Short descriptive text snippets
# # # #

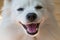 Japanese white, Asian Spitz cute pet dog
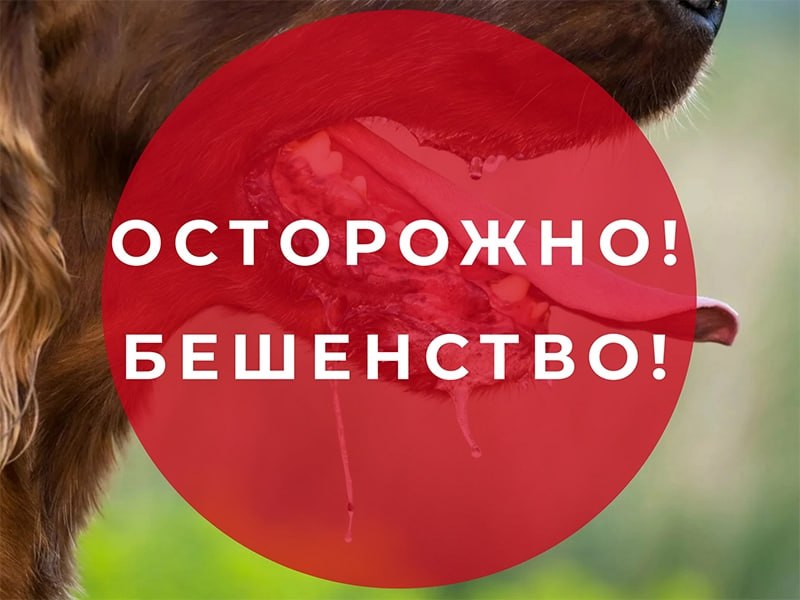 Фото поста канала  Донецкая Губерния 🔹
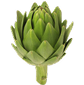<p>Artichoke</p>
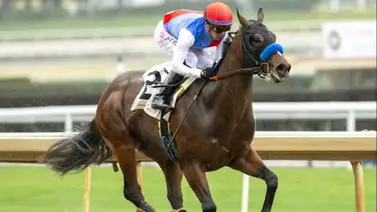 El nuevo prospecto de Bob Baffert que impresiona en California El nuevo prospecto de Bob Baffert que impresiona en California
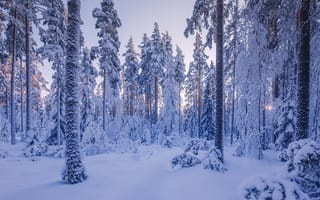 Обои зима, сугробы, зимний лес, природа, пейзаж, снег, закат, лес, деревья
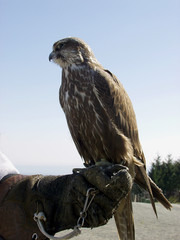 Falke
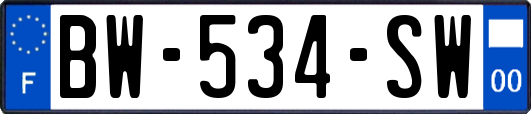 BW-534-SW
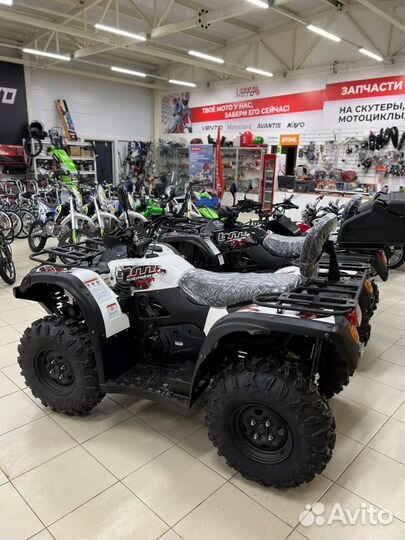 Baltmotors Striker 500 EFI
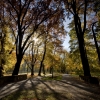 Zdjęcie z Polski - w Parku Sołackim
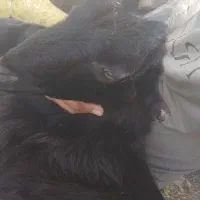 فروش کهره نر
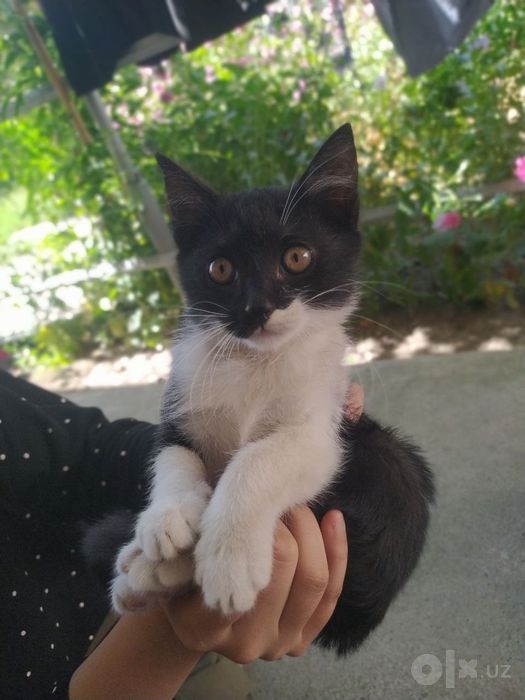 Кошки, uy mushugi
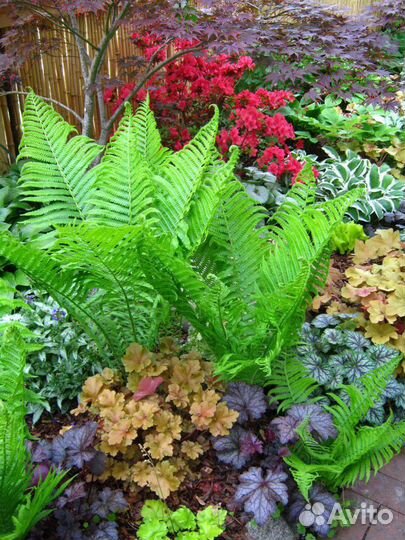 Папоротники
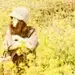 KHprn_蒲公英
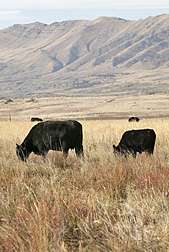 Finding new forages for rangeland cattle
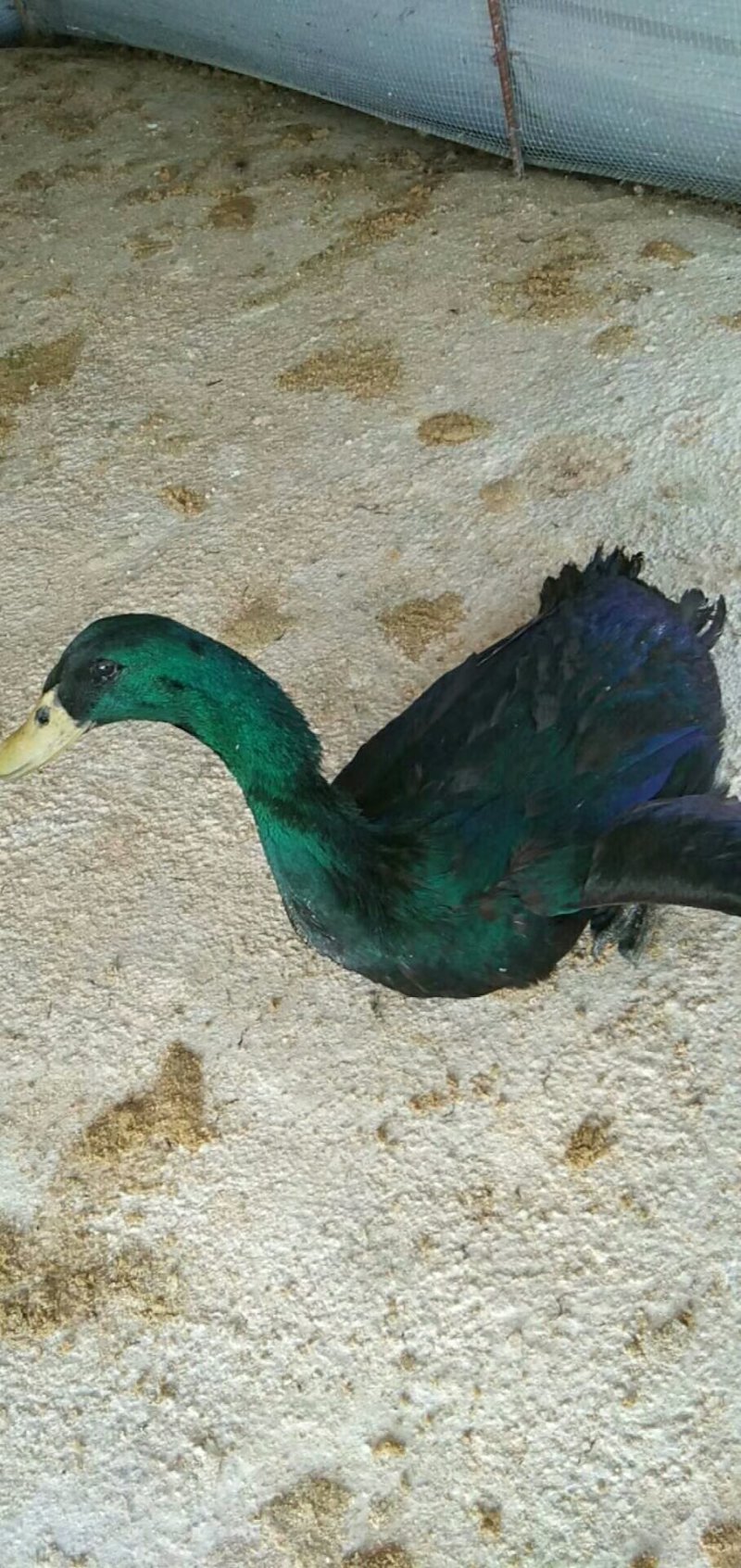 绿色土牙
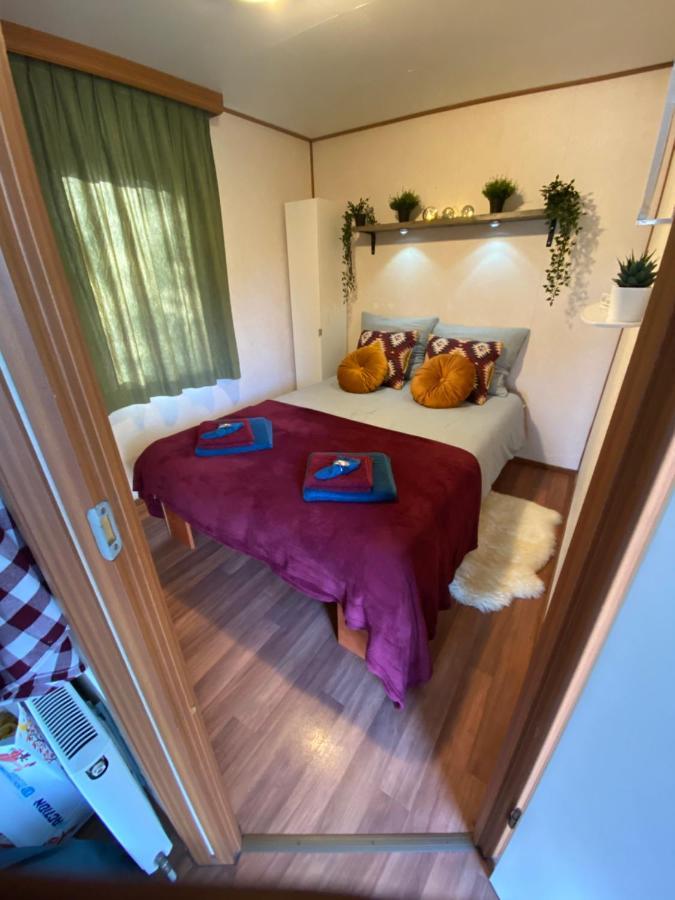Gezellige Chalet In Bosrijke Omgeving Villa Anloo Esterno foto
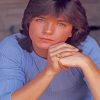 Aesthetic David Cassidy Diamond Painting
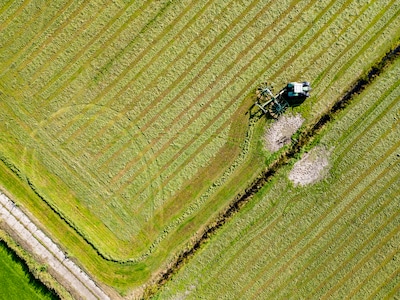Nieuw stikstofplan Overijssel: extra maatregelen in de buurt van beschermde natuur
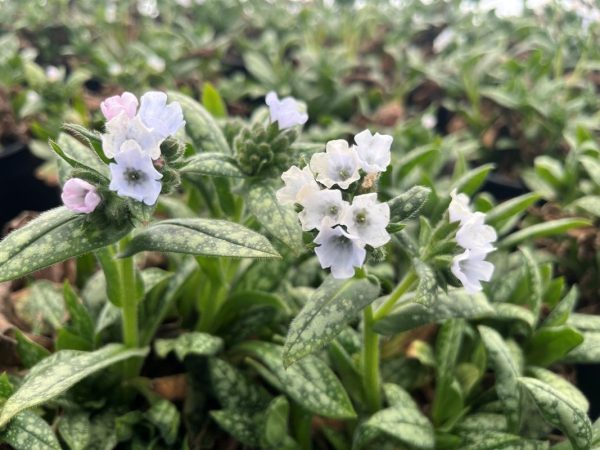 Pulmonaria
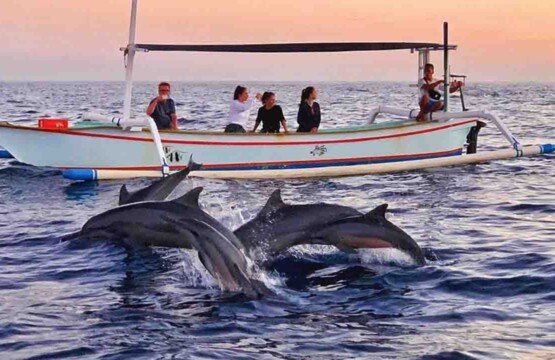 The Magic of Dolphin Encounters in Bali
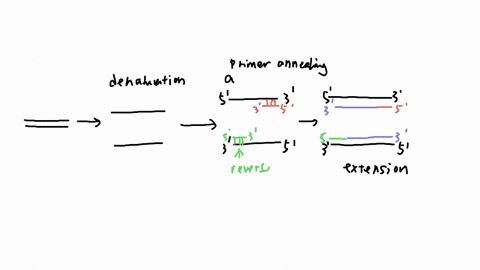 a-researcher-starts-a-pcr-reaction-with-one-molecule-of-chromosome-1-and-an-excess-of-primers-that-amplify-a-400-bp-pcr-product-from-chromosome-1-use-the-drawing-described-below-and-words-to-46135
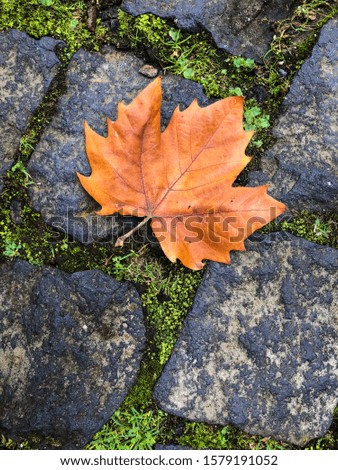An orange leaf fell onto an old black cobblestone sidewalk that has moss filled cracks. Signs of autumn.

# # # #

### Problem to solve
From the first line to the last, retype the data exactly, but omit every image.

### Result for this exercise
 Japanese white, Asian Spitz cute pet dog
 Фото поста канала  Донецкая Губерния 🔹
<p>Artichoke</p>
 El nuevo prospecto de Bob Baffert que impresiona en California El nuevo prospecto de Bob Baffert que impresiona en California
 Обои зима, сугробы, зимний лес, природа, пейзаж, снег, закат, лес, деревья
 Falke
 BW-534-SW
 Baltmotors Striker 500 EFI
 Zdjęcie z Polski - w Parku Sołackim
 فروش کهره نر
 Кошки, uy mushugi
 Папоротники
 KHprn_蒲公英
 Finding new forages for rangeland cattle
 绿色土牙
Gezellige Chalet In Bosrijke Omgeving Villa Anloo Esterno foto
 Aesthetic David Cassidy Diamond Painting
Nieuw stikstofplan Overijssel: extra maatregelen in de buurt van beschermde natuur
 Pulmonaria
 The Magic of Dolphin Encounters in Bali
 a-researcher-starts-a-pcr-reaction-with-one-molecule-of-chromosome-1-and-an-excess-of-primers-that-amplify-a-400-bp-pcr-product-from-chromosome-1-use-the-drawing-described-below-and-words-to-46135
An orange leaf fell onto an old black cobblestone sidewalk that has moss filled cracks. Signs of autumn.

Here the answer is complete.